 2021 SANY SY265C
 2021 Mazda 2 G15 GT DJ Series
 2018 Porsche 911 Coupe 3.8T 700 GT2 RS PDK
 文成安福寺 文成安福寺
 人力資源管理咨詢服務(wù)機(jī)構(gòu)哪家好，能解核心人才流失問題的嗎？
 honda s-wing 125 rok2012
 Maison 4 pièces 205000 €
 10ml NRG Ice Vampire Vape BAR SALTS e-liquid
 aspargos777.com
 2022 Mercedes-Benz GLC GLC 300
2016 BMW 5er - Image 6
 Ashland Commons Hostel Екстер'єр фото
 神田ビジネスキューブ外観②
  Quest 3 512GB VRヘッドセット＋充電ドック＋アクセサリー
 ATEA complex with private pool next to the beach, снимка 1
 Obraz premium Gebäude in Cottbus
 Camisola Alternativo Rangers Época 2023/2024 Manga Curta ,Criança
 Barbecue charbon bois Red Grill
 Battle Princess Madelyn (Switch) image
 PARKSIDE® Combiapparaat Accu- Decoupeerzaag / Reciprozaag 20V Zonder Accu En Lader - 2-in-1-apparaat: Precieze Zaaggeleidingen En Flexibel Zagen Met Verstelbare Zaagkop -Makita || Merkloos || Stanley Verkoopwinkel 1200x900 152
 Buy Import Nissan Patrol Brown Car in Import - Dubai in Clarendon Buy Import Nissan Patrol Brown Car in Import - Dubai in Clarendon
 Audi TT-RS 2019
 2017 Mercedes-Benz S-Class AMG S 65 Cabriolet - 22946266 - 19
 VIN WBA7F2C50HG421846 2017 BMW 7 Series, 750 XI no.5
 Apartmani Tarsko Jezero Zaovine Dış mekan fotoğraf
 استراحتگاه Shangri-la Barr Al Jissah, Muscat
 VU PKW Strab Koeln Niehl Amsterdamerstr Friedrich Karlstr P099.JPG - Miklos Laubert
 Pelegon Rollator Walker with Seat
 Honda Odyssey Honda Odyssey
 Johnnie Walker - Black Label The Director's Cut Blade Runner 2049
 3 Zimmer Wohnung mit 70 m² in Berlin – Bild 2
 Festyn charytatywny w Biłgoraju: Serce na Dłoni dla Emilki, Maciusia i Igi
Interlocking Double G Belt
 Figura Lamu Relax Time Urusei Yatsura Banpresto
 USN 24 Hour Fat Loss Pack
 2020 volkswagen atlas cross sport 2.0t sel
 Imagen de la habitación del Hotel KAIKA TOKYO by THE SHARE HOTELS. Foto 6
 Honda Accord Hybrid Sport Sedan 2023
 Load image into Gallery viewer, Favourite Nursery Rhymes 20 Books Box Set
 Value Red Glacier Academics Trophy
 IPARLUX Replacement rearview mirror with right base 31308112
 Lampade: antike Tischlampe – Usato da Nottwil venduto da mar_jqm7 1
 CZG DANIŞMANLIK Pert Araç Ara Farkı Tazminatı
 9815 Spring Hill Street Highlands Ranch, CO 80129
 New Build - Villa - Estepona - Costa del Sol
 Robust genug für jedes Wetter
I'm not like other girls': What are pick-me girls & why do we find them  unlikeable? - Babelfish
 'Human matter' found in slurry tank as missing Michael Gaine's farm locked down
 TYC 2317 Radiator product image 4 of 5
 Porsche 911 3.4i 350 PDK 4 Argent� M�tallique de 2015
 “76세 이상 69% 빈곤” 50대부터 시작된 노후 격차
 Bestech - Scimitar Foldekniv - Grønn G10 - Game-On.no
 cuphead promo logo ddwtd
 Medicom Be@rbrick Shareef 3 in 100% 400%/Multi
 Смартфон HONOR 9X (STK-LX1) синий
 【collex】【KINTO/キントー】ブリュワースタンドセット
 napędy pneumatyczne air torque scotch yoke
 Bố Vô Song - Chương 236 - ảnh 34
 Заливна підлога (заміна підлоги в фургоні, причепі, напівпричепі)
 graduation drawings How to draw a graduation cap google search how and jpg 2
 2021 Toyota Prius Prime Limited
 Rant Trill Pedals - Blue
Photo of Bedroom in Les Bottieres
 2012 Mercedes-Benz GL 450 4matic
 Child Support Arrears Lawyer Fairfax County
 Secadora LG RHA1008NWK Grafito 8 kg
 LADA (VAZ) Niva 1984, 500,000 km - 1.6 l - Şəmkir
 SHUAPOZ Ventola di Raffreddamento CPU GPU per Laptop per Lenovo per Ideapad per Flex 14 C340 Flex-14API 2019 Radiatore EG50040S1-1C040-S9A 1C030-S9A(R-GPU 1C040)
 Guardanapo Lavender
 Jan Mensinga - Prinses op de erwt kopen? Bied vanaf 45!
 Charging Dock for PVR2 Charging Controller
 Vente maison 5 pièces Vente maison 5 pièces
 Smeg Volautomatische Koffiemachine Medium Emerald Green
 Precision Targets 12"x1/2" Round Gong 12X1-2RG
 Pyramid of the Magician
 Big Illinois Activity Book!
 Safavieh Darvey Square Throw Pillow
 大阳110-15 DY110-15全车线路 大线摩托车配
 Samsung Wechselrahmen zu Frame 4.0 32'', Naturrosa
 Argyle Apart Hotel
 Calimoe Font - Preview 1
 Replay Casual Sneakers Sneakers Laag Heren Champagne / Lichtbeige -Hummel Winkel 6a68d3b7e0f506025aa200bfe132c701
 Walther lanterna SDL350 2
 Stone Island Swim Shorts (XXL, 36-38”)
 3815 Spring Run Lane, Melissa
====================
__What is required__. If a line of the material contains the word "pièces", pick it out and copy it.

__Expected output__.
 Maison 4 pièces 205000 €
 Vente maison 5 pièces Vente maison 5 pièces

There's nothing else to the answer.